═══ Data provided
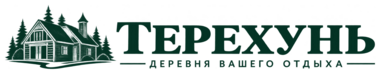 деревня Терехунь. Деревня вашего отдыха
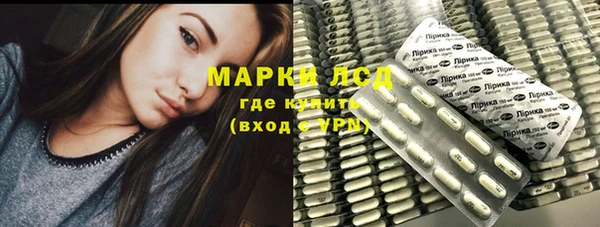 бутик Карталы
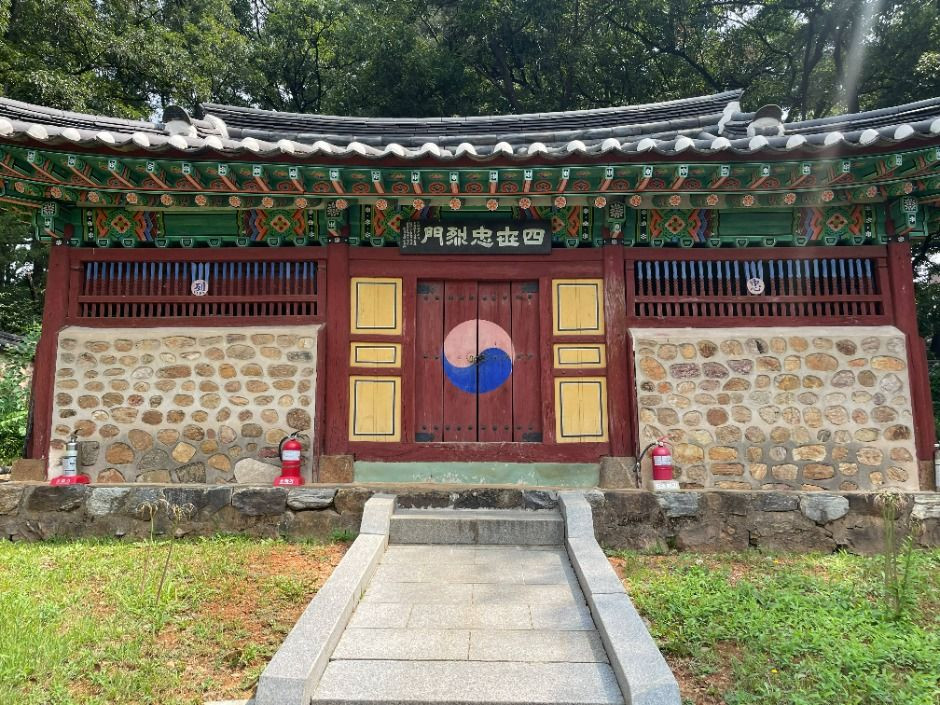 사세충렬문 여행 추천 - 로드트립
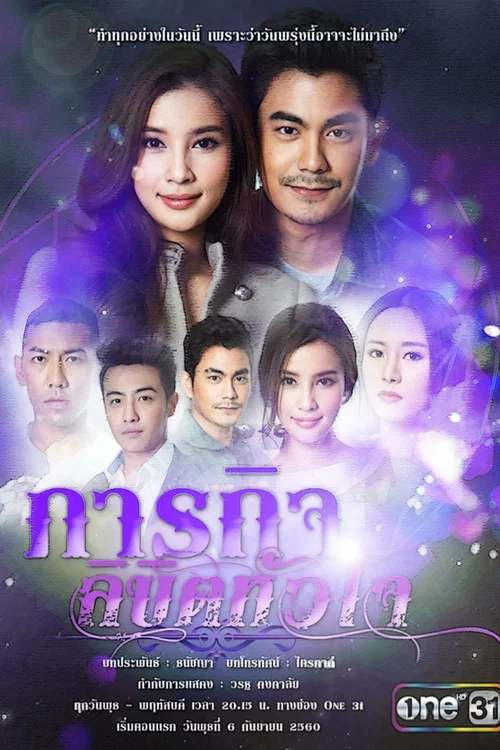 ภารกิจลิขิตหัวใจ постер
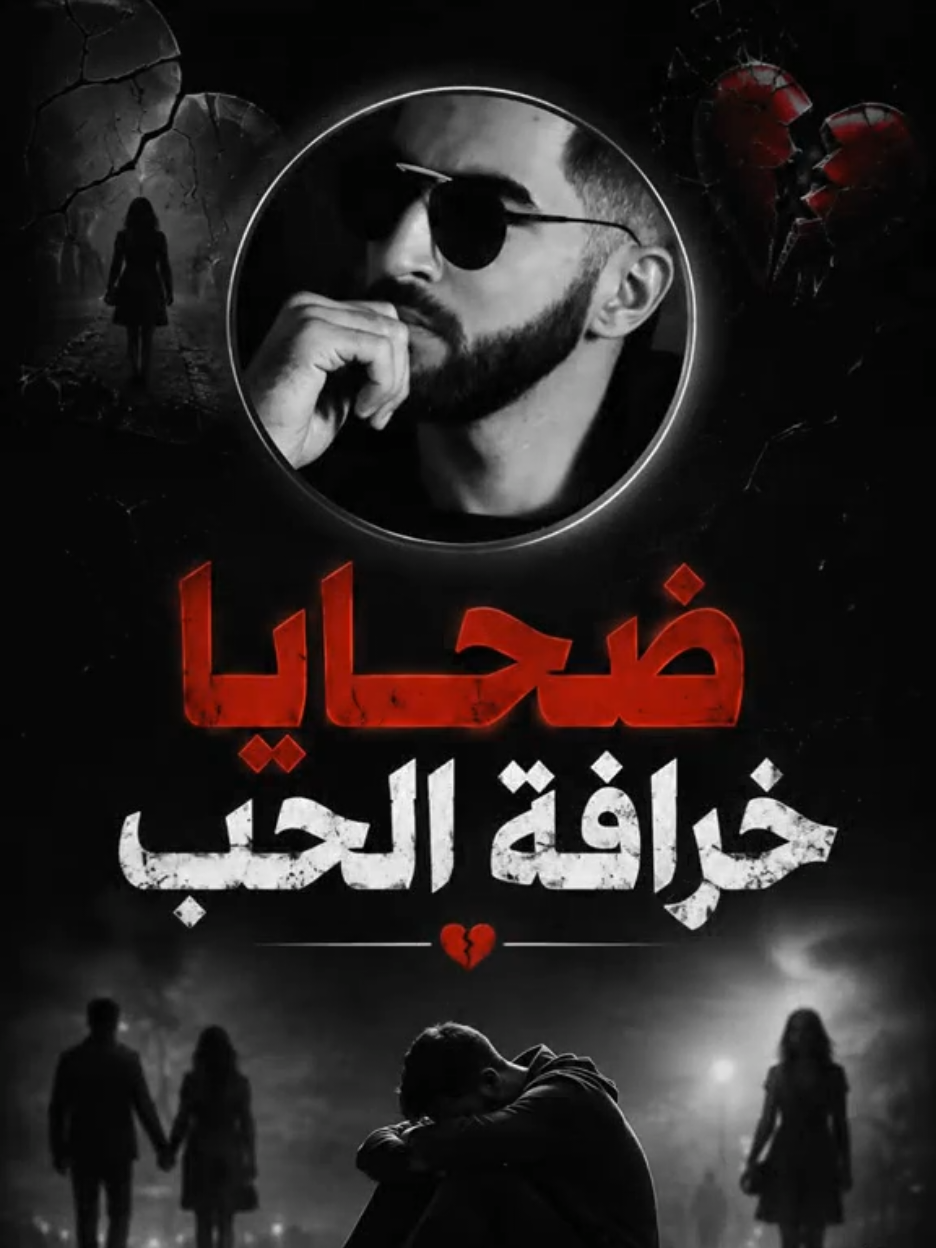 @♛ زعــⷶــͬــⷶــيم ♛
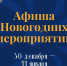 Новогодняя афиша учреждений культуры Липецкой области 30 декабря 2025 — 11 января 2026 - Министерство культуры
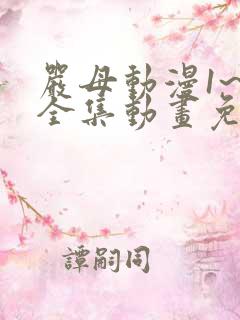 严母动漫1~6全集动画免费版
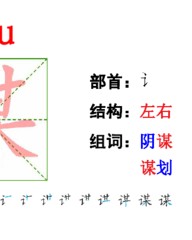 谋组词和部首(谋组词和部首是什么)
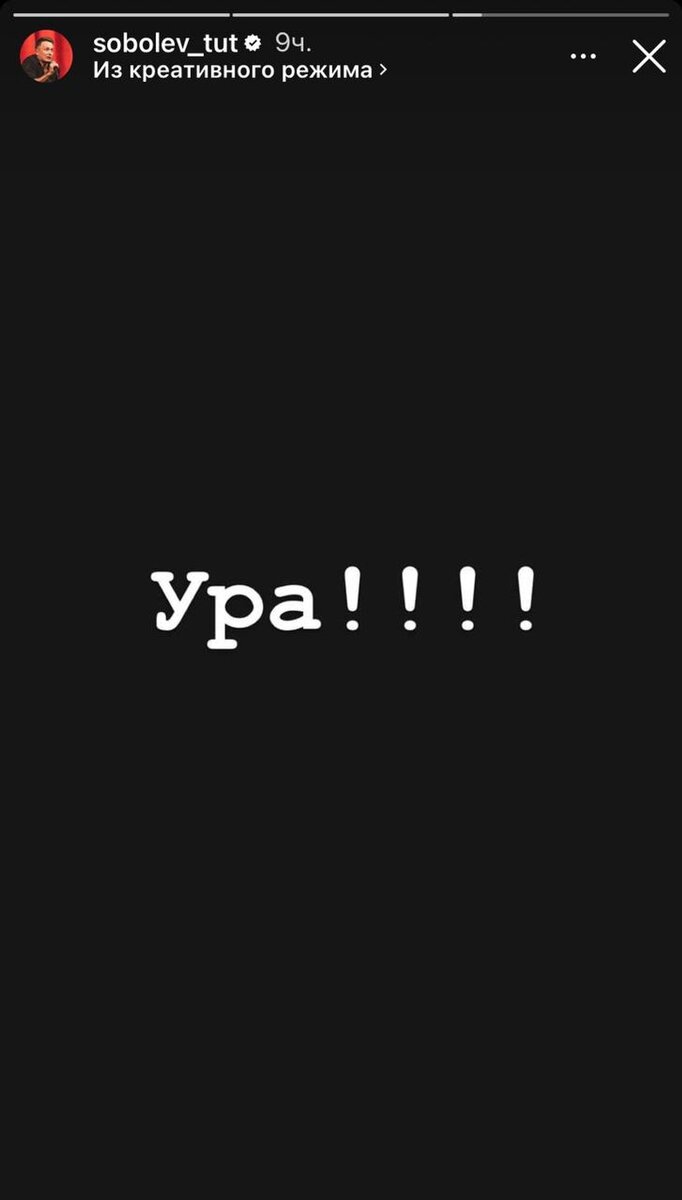    Фото: Инстаграм (запрещен в РФ) @sobolev_tut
══════
Nothing should be printed except the lines from the one with "ภารกิจลิขิตหัวใจ постер" through the last line of the listing above, both ends included; please drop the pictures.

 ภารกิจลิขิตหัวใจ постер
 @♛ زعــⷶــͬــⷶــيم ♛
 Новогодняя афиша учреждений культуры Липецкой области 30 декабря 2025 — 11 января 2026 - Министерство культуры
 严母动漫1~6全集动画免费版
 谋组词和部首(谋组词和部首是什么)
    Фото: Инстаграм (запрещен в РФ) @sobolev_tut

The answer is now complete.